Finding an outside subject in howling wind rain and hailstone is not terribly easy. Sitting in the car looking at a landscape has its problems too, not least the fact that someone will invariably park in front of you obscuring your view…having picked the old bridge over the river, far away from town, I parked next to it and started a water-colour …only for a lorry to come and park right in front of me!

Anyhow, back to the Lancashire mills. I have a fascination with the hills of Colne with their “balanced” houses and mills (which are rapidly disappearing) so I parked my car close to one of the mills. The  fascination in this case was with the contrast between the cream (if dark tainted mill) and the blue house (with lighted windows) which sat beyond an area of brown red grass which was cordoned off by barbed wire. There was  feeling of desolation and neglect whilst looking at this semi run down mill on a steep hill.  At the time there were no cars or lorries parked blocking the view but the car windows steamed up! Oh for Arles and the weather and light of the South of France.

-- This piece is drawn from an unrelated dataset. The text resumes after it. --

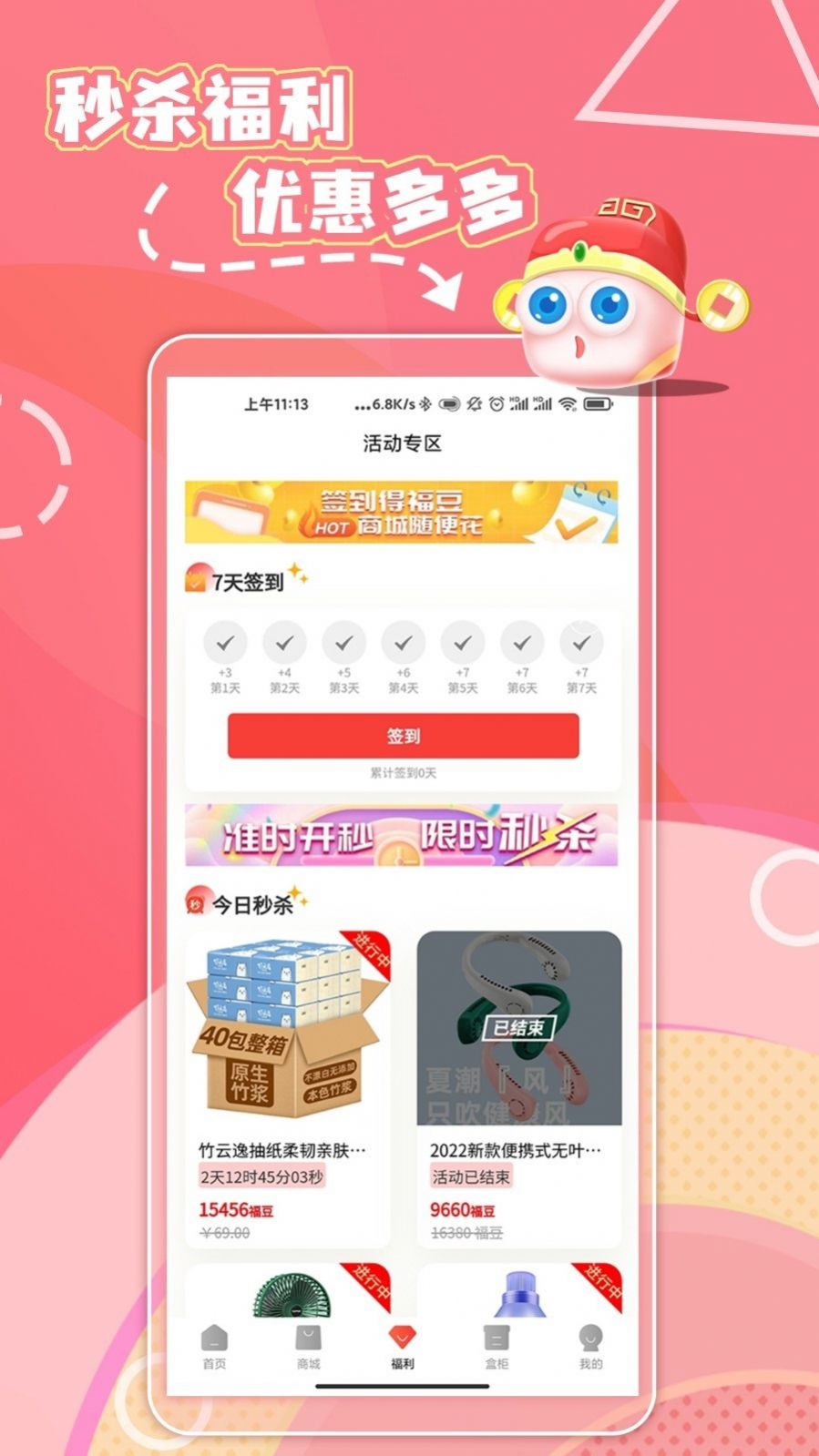 福神盒子手机软件app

I drew the houses at the side of the mill first wanting to take their colours and the foreground grass into a form of abstraction, but then became more interested in the mill and the perspective, so did some drawing and water-colour studies to look at perspective and colour. I then played with the blending of the colours to try to give grim Lancashire some colour. I had thought of converting the whole to blocks of colour in which there was a dominance of bright blue and red in the one area (around the golden section).

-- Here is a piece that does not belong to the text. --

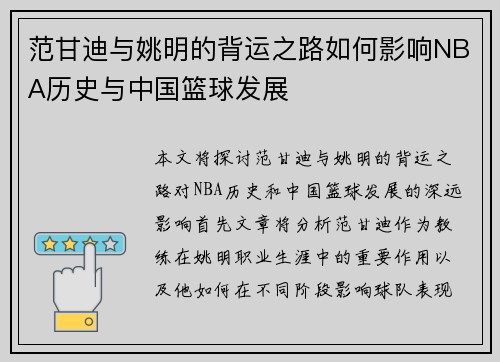 范甘迪与姚明的背运之路如何影响NBA历史与中国篮球发展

IMG_0361-001  IMG_0360-001                                                                            IMG_0358-001

I finally decided to keep the mill and its houses as readable images but to use colour and texture to produce a warmer environment. I did not want to fall into my usual trap of primary colours so mixed quite a lot of white in with the colours. For texture I decide to revert to acrylic and laid acrylic and then oil and the acrylic and “cleaned” them into each other to produce a repulsion of water and oil. The acrylics lifted the bright intensity of the colours and I was pleased I had chosen to use them.

I wanted to contrast the colour with a slightly grim, modern version of the mill worker and chose a hooded individual battling up the hill, This having been placed at the angle of the mill produced compositional imbalance and so I added a second person at the golden section further up the hill.

“The Mill”

IMG_0362-001

 

The houses which took my attention initially, beyond the russet dry grass, have developed character in the final image. The manner in which the windows and doors (and less so on the mill itself ) have been placed give them facial expression which is amusing and looking with a slight homeliness and curiosity at the figure on the hill.

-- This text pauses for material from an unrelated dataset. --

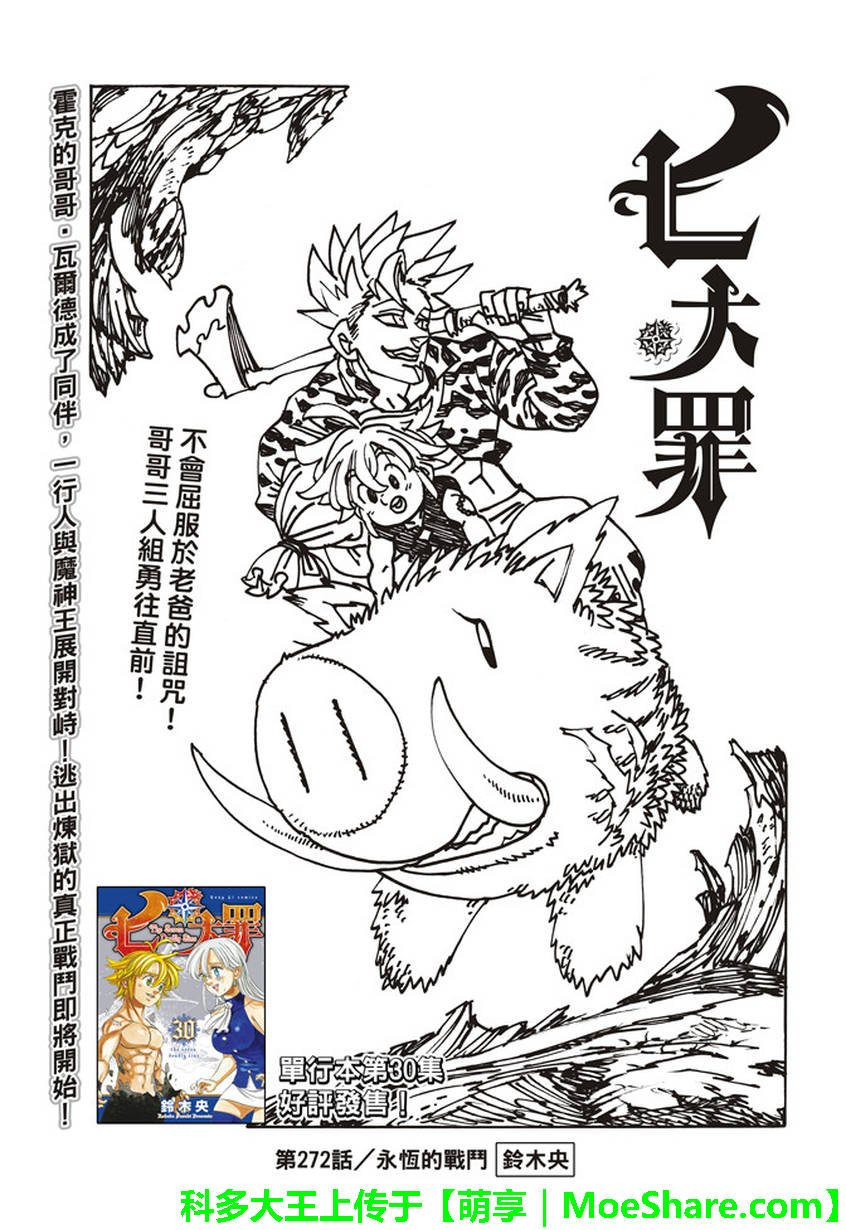 第272话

The sky was painted in mixtures of acrylic and oil and has colours reflecting the foreground. The foreground road reflects the colours of the mill and the red  area of grass as well as picking up some of the blues and greens of the distant houses and the windows of the mill. The road was painted so as to give the impression of cobbles, although they no longer exist in this street, I have made both drawing and photographic studies of cobbles in the past.

The perspective and bright front of the mill contrasting against its darker side give a certain  degree of drama.

I like the final picture but am a little unsure of the figure, its form and its positioning however I am very aware that there is too little thought going into my paintings as I seem to be rushing through the exercises…….but as they are learning exercises I assume they need not be worked on too well.